**WHAT YOU WILL DO**
Exactly the lines from the one containing "Hogs Erase Early" through the final line of the data below, with pictures omitted, make up the answer.

**DATA EXCERPT**
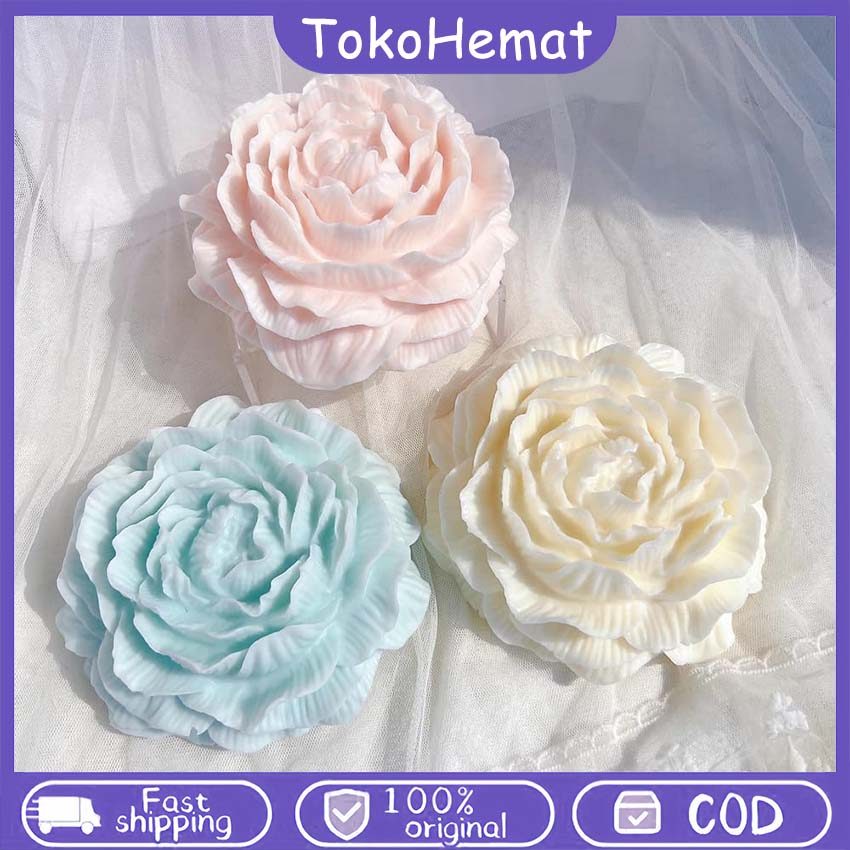 DIY Melati Cetakan Puding 3d Silikon Bunga Cetakan Penyebar Aroma Bunga Cetakan Jelly Cetakan Puding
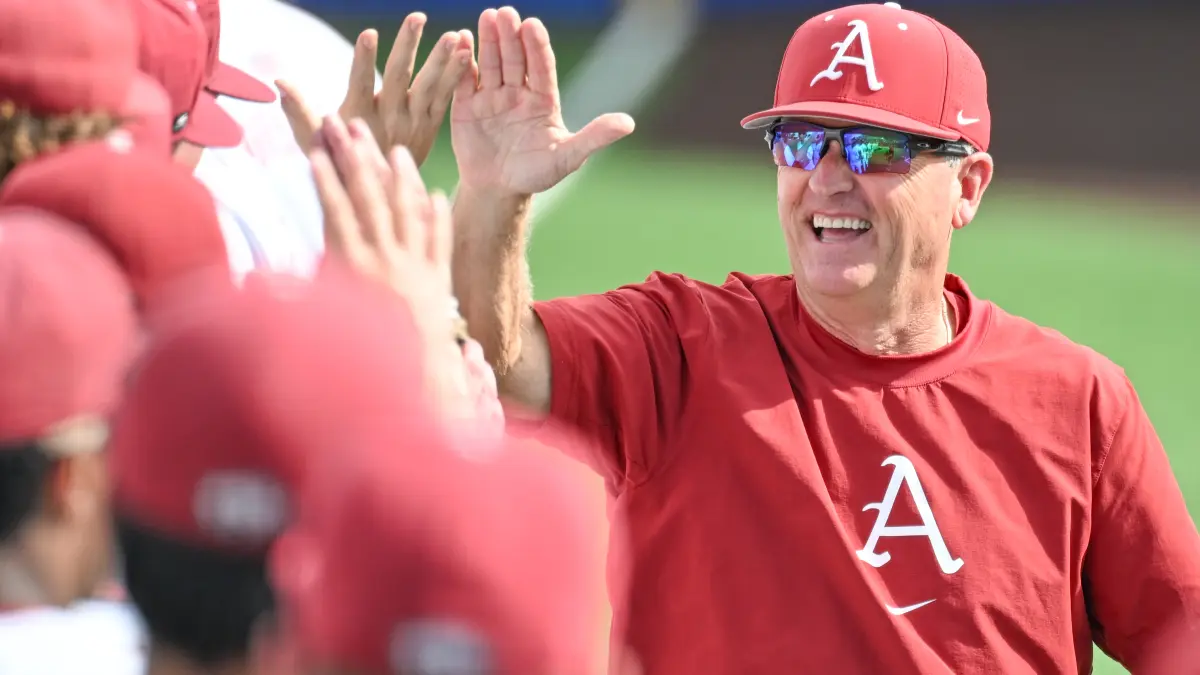 Hogs Erase Early Deficit in Win in Lawrence Regional Opener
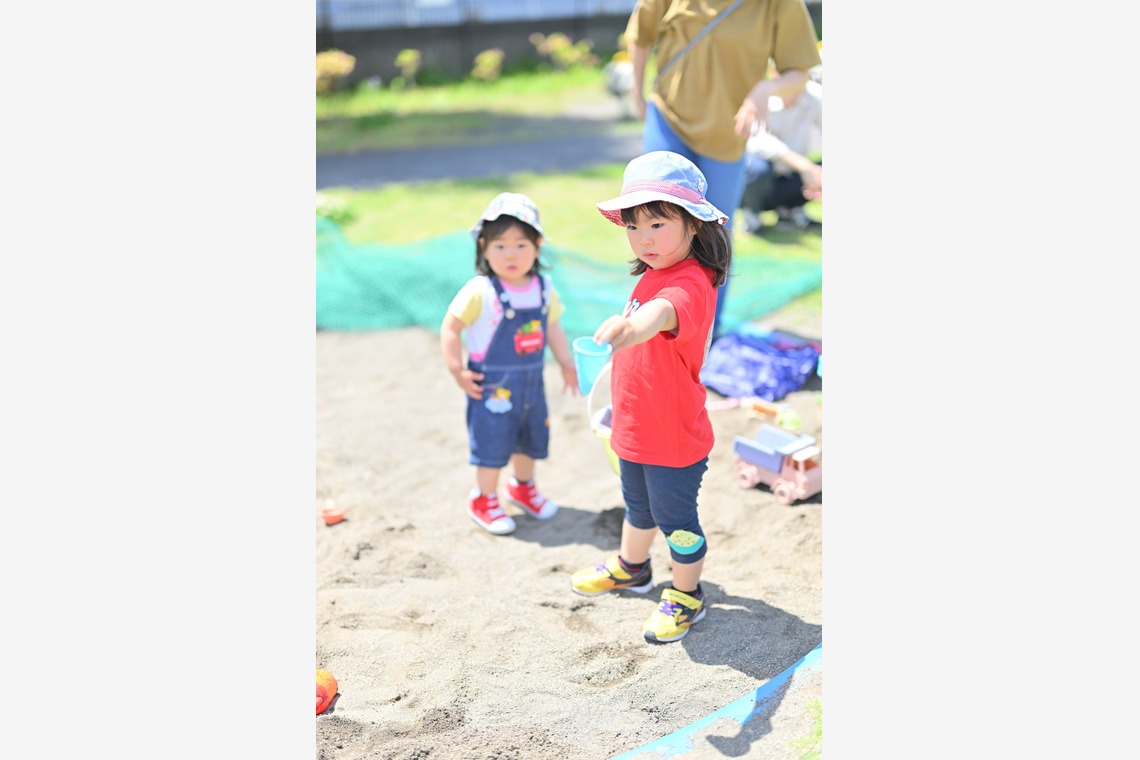 大熊和輝が撮影した「出張キッズ撮影」の写真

**EXERCISE RESPONSE**
 Hogs Erase Early Deficit in Win in Lawrence Regional Opener
 大熊和輝が撮影した「出張キッズ撮影」の写真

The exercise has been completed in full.